Citizen’s Arrest: Stakeholders await Obama review of new HOS
WASHINGTON — After defending the 2004 hours-of-service rules for the better part of seven years, U.S. federal regulators are just a few months away from unveiling what’s likely going to be a new HOS framework.
The Federal Motor Carrier Safety Administrationhas reportedly wrapped up its rewrite of the rule and last week sent its proposal to the White House for review.
What the final new rule will look like exactly, no one knows for sure, but the usual coalition of interest groups has some curious suggestions.
The FMCSA should slash the number of hours a driver could be behind the wheel from 11 hours to — hold on, now — eight hours; increase the daily off-duty period from 10 to 12 hours; cap the workday at 12 hours from 14; and expand the sleeper berth to more than eight consecutive hours, states the coalition led by Public Citizen and the Teamsters in a filing to the rulemaking docket.
While some of those recommendations appear, as the trucking industry suggests, to be completely divorced from any understanding of the workings of the North American freight system, carriers shouldn’t completely laugh them off considering that post-Obama regulators are back at the HOS drawing board only in return for the coalition agreeing to put down their swords and suspend ongoing legal assaults.
In an interview with Today’s Trucking, Public Citizen attorney Greg Beck says the recommendations are based on "overwhelming" scientific evidence that crash risk goes up exponentially after the eighth hour of driving.
It’s questionable, though, whether there’s anything overwhelming about Public Citizen’s case, which relies mainly on part of a government study conducted by the University of Pennsylvania that shows relative risk (an estimate of the number of crashes versus vehicle exposure) goes up after the eighth hour of driving.

"But relative risk is not actual risk," says Dave Osiecki, senior vice president of policy and regulatory affairs for American Trucking Associations. "Actual risk in fatigue-related crashes — which are a very small percentage to begin with — when they do happen, occur in the first few hours of driving."
Specific crash data appears to back up that claim. The Trucks Involved in Fatal Accidents” (TIFA) database, which is maintained by the University of Michigan Transportation Research Institute, shows that in 2007, nearly 90 percent of the fatal truck collisions occurred within the first eight hours of driving.
As well, a Virginia Tech Transportation Institute study also found that a greater risk for collision exists during the first hour of a trucker’s shift.

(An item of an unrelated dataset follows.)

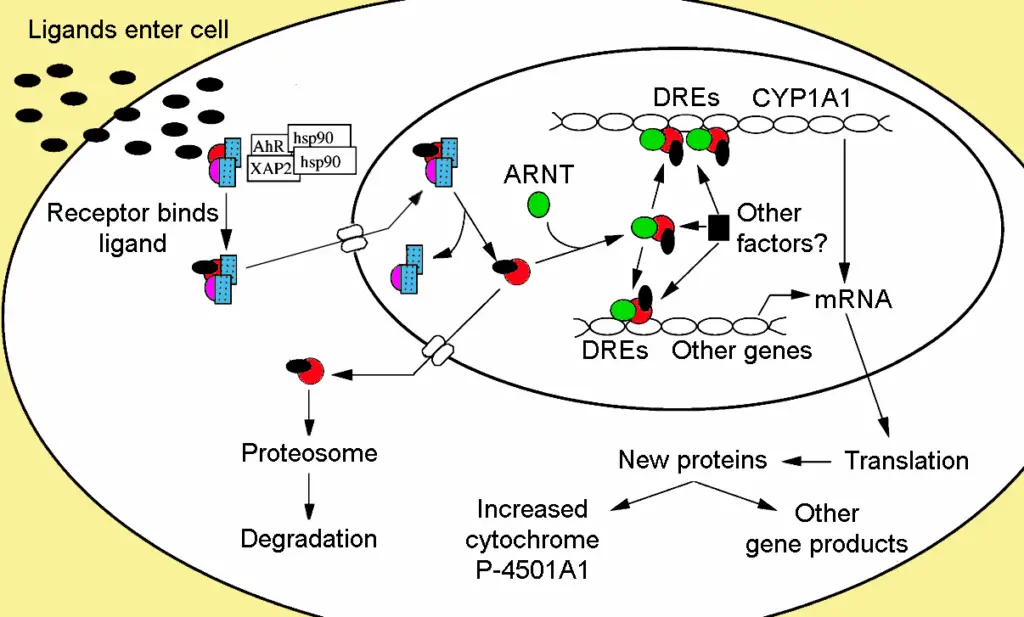 Northwestern Scientists Find the ‘Off Switch’ for Lupus Hidden in Human DNA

Beck, though, finds it all a little absurd. "Common sense tells you that when you drive a long time you get more tired and it’s simply not a higher risk in the first hour, which shows the data they’re relying on is fundamentally flawed."
Common sense, proponents counter, also tells us that fatigue-related crash risk — arguably too thorny to really qualify anyway — should work both ways. If accumulated tireless is a risk factor in the eight-plus hours of driving, than surely sleep inertia can play a role in those early-hour crash stats.

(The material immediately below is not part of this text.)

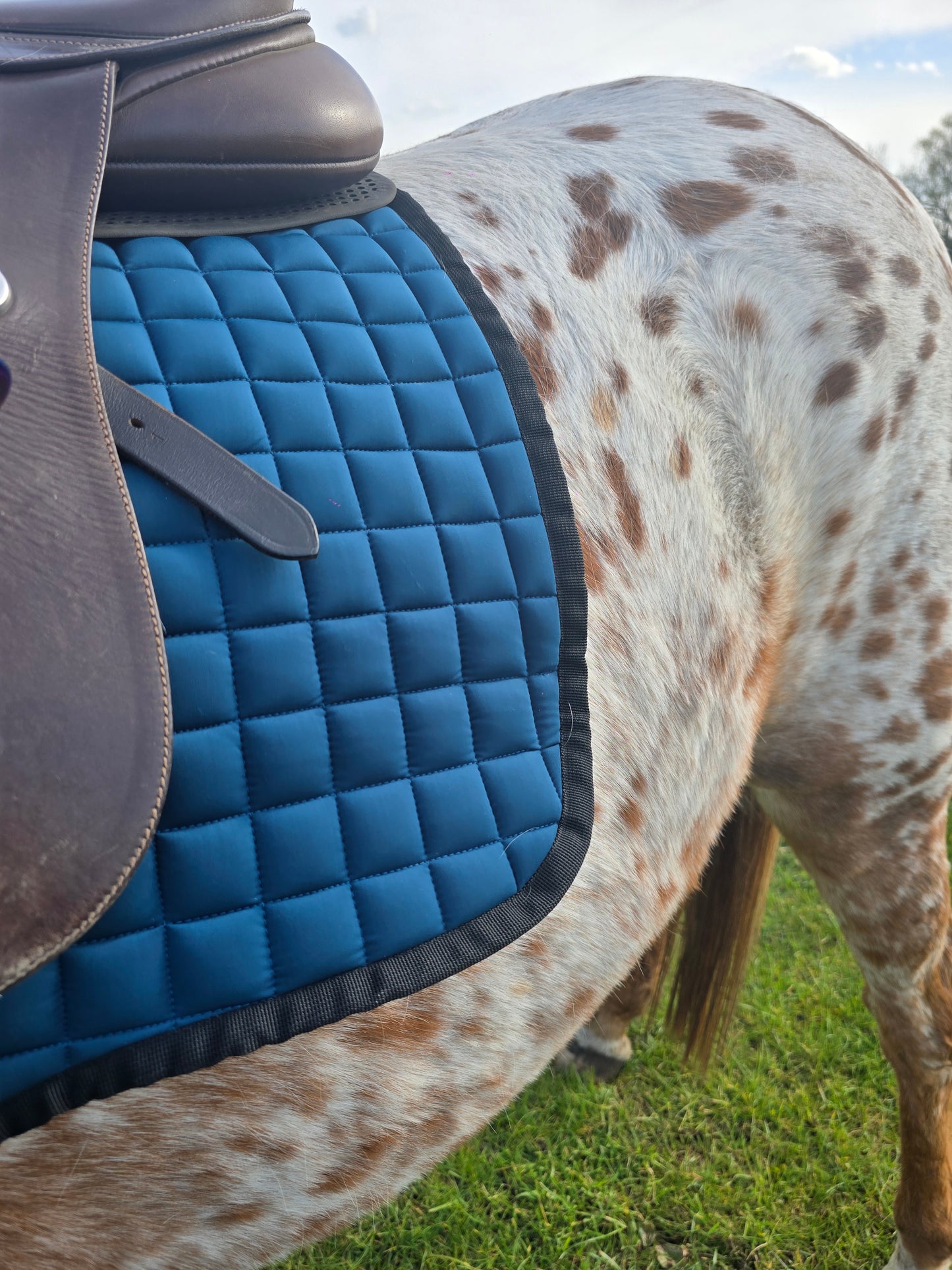 Dark green saddle pad and fly veil set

And that’s to say nothing of the parallel between the current HOS rules and the steady fall in truck-involved crashes, injuries, and fatalities in both the U.S. and Canada.
Osiecki admits there’s virtually no clear qualitative evidence to prove the connection, but, he points out, there’s certainly nothing to suggest the contrary because "safety is improving and it’s not at all a stretch to say (the rules) must be working in some way because the experience is markedly better.
"If these groups are truly interested in safety, then they would look at the safety record of the industry under these rules, which is pretty good."
Fact is, reopening the hourglass on HOS arguably won’t keep the government out of a courtroom down the road anyway.
In the unlikely event the FMCSA completely appeases the interest groups, it’s hard to imagine how it could justify radically changing the rules in just a few months after developing them on more than a decade of analysis.
"The agency and DOT would simply be opening themselves up to more litigation," says Osiecki. "On what basis would they do it? "They can’t ignore their own rational justification and understanding of the science that underlies the rules.
"They can’t turn on a dime and say we goofed up six years ago and made all the wrong decisions."